[WHAT IS EXPECTED] Please give again, word for word, the line that contains "Jack Mundey in" and every line after it to the end of the data, with no other lines.

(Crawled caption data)
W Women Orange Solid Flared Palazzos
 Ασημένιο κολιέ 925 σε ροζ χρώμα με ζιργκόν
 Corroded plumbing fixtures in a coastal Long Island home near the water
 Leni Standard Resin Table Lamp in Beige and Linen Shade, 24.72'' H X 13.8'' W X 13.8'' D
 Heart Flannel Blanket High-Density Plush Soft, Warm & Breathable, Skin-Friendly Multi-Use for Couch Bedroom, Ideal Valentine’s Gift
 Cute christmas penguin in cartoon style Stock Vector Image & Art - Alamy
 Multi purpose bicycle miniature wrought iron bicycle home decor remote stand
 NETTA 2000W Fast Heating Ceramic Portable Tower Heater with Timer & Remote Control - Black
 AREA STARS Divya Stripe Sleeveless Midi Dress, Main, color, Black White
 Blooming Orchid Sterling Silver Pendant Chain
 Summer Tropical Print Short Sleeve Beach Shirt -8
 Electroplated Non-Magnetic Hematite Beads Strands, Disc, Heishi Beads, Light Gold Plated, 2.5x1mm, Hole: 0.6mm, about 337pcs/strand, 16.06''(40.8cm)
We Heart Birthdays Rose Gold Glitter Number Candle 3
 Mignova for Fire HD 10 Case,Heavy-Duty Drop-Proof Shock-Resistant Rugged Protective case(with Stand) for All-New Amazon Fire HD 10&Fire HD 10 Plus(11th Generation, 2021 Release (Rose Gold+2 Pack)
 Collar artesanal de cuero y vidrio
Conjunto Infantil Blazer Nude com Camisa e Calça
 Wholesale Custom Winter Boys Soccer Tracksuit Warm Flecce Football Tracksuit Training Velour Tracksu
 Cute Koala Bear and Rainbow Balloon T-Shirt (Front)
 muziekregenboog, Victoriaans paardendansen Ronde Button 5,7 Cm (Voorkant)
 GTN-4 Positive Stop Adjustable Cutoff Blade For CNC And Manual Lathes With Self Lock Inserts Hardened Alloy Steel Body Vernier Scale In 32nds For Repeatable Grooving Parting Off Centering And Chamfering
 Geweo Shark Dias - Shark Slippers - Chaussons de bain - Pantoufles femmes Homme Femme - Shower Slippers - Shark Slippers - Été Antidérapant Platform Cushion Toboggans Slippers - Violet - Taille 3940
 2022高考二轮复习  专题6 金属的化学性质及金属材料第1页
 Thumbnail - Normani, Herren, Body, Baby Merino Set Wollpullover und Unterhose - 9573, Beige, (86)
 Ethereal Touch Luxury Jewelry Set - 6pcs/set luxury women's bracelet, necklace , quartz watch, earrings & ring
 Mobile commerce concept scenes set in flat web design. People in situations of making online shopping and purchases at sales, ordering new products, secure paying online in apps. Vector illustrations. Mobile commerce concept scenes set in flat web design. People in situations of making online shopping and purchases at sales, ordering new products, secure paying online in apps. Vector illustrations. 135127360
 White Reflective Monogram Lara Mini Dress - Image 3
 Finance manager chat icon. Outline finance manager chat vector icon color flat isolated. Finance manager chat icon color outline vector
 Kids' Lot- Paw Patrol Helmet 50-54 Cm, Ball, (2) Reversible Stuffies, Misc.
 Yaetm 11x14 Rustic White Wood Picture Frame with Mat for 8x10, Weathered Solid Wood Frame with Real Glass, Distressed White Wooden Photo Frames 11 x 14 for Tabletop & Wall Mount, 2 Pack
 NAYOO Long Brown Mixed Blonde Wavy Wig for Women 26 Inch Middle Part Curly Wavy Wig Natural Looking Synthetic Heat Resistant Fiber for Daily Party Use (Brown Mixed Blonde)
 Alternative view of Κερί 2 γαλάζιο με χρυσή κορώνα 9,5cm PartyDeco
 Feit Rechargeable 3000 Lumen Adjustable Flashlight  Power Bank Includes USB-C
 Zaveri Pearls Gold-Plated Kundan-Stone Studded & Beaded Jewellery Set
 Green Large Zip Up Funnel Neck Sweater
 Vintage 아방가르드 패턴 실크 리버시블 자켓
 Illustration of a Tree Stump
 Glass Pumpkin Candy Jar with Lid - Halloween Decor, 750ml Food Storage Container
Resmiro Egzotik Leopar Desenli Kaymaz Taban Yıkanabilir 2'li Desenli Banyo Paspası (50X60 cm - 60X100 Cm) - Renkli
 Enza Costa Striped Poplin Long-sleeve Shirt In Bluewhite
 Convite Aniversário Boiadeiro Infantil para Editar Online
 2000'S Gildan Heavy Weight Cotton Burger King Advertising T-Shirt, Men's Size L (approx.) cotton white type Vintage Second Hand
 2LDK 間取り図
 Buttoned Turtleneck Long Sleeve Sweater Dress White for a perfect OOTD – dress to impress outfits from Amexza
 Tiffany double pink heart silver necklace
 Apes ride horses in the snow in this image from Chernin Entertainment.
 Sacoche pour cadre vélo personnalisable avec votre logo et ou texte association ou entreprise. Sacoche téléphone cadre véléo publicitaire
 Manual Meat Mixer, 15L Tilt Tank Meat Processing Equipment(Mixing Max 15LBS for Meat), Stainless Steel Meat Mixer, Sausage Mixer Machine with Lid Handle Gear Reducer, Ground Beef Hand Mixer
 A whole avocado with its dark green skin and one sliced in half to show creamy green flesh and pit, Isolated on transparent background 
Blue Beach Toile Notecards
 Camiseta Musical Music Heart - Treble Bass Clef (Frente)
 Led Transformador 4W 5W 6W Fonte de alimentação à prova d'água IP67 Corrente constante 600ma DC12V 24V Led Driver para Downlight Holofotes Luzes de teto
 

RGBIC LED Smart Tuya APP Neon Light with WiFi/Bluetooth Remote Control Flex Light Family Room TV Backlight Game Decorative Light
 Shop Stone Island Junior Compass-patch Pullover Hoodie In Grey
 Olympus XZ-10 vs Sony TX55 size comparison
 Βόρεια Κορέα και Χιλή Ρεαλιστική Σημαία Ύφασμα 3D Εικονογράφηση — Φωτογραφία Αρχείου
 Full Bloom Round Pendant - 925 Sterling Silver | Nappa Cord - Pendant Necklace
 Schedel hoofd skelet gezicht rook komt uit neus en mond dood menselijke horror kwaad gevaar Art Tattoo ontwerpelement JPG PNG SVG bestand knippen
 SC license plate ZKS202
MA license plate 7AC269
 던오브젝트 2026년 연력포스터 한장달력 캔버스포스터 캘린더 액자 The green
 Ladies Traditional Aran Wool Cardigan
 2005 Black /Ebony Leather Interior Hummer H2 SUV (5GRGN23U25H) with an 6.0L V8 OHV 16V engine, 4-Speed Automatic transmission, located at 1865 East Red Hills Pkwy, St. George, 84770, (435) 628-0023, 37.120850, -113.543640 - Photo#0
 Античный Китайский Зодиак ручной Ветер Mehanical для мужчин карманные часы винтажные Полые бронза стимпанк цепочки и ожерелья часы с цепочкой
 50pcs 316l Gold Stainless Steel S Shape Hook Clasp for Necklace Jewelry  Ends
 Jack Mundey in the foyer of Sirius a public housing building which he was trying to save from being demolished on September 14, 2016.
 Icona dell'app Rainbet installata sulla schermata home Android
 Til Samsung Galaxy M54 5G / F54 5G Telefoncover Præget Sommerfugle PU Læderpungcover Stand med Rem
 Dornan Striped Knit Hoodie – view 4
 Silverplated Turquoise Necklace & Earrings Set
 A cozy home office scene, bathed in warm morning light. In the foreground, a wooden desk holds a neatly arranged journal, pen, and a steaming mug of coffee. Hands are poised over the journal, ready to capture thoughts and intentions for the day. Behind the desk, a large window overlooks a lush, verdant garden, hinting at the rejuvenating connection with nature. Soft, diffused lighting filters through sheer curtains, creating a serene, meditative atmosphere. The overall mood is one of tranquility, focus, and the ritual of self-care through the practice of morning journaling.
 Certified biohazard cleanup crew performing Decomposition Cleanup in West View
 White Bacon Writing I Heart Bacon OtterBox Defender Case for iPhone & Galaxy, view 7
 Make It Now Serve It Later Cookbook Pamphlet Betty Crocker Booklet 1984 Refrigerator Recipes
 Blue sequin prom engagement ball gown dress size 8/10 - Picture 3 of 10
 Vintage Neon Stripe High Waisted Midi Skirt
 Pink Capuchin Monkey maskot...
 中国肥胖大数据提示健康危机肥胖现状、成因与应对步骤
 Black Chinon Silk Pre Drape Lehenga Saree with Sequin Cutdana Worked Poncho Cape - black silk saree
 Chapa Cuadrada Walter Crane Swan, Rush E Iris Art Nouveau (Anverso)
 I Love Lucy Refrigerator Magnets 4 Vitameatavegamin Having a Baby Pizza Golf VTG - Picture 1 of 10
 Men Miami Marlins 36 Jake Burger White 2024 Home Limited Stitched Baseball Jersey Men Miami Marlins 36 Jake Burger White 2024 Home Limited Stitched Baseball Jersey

[SOLVED EXERCISE]
 Jack Mundey in the foyer of Sirius a public housing building which he was trying to save from being demolished on September 14, 2016.
 Icona dell'app Rainbet installata sulla schermata home Android
 Til Samsung Galaxy M54 5G / F54 5G Telefoncover Præget Sommerfugle PU Læderpungcover Stand med Rem
 Dornan Striped Knit Hoodie – view 4
 Silverplated Turquoise Necklace & Earrings Set
 A cozy home office scene, bathed in warm morning light. In the foreground, a wooden desk holds a neatly arranged journal, pen, and a steaming mug of coffee. Hands are poised over the journal, ready to capture thoughts and intentions for the day. Behind the desk, a large window overlooks a lush, verdant garden, hinting at the rejuvenating connection with nature. Soft, diffused lighting filters through sheer curtains, creating a serene, meditative atmosphere. The overall mood is one of tranquility, focus, and the ritual of self-care through the practice of morning journaling.
 Certified biohazard cleanup crew performing Decomposition Cleanup in West View
 White Bacon Writing I Heart Bacon OtterBox Defender Case for iPhone & Galaxy, view 7
 Make It Now Serve It Later Cookbook Pamphlet Betty Crocker Booklet 1984 Refrigerator Recipes
 Blue sequin prom engagement ball gown dress size 8/10 - Picture 3 of 10
 Vintage Neon Stripe High Waisted Midi Skirt
 Pink Capuchin Monkey maskot...
 中国肥胖大数据提示健康危机肥胖现状、成因与应对步骤
 Black Chinon Silk Pre Drape Lehenga Saree with Sequin Cutdana Worked Poncho Cape - black silk saree
 Chapa Cuadrada Walter Crane Swan, Rush E Iris Art Nouveau (Anverso)
 I Love Lucy Refrigerator Magnets 4 Vitameatavegamin Having a Baby Pizza Golf VTG - Picture 1 of 10
 Men Miami Marlins 36 Jake Burger White 2024 Home Limited Stitched Baseball Jersey Men Miami Marlins 36 Jake Burger White 2024 Home Limited Stitched Baseball Jersey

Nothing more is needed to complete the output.